Exercise brief:
Across the whole listing, copy out every line that includes the string "wooden".

Data records:
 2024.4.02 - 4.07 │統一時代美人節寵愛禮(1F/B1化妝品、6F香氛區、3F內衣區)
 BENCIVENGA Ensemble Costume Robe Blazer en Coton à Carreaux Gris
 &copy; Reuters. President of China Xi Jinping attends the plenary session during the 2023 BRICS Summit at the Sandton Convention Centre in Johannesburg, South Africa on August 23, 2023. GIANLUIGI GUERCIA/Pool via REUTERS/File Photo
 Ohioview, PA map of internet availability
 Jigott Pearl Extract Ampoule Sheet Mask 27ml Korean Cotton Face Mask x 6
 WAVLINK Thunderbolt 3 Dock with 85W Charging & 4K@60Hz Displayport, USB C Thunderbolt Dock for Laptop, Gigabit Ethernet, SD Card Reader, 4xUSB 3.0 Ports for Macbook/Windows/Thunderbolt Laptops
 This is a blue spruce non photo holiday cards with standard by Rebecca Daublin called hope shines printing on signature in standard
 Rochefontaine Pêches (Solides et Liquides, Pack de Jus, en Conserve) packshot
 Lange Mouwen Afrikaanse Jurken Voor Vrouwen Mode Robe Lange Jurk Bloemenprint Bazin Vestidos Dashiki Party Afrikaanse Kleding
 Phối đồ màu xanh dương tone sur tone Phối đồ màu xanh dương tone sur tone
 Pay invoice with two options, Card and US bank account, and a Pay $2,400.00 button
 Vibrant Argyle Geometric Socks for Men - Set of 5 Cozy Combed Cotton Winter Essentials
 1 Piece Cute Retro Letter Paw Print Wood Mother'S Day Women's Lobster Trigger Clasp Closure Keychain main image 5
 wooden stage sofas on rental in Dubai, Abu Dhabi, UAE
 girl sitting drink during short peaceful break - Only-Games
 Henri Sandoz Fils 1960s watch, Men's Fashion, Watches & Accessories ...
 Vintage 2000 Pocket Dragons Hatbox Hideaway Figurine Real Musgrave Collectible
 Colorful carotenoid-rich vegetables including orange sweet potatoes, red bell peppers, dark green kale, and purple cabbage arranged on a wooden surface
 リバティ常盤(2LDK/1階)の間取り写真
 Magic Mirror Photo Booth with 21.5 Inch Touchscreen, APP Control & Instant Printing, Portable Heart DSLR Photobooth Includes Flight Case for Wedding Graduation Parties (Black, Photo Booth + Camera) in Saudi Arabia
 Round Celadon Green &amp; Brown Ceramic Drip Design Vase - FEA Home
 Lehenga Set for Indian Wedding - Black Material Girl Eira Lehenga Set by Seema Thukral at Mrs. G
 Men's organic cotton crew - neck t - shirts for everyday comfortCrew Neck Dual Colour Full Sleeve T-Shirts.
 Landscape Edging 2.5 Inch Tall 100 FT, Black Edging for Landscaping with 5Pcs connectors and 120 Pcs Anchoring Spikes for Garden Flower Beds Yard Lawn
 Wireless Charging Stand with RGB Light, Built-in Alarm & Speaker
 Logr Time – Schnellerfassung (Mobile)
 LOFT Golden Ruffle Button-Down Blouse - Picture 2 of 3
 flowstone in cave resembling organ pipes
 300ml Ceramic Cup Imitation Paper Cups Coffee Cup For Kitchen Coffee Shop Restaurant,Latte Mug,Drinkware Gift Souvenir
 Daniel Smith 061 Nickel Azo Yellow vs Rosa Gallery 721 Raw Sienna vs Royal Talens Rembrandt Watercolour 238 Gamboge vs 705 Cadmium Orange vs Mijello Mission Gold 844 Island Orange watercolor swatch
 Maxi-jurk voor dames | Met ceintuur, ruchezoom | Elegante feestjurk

Solution to this task:
 wooden stage sofas on rental in Dubai, Abu Dhabi, UAE
 Colorful carotenoid-rich vegetables including orange sweet potatoes, red bell peppers, dark green kale, and purple cabbage arranged on a wooden surface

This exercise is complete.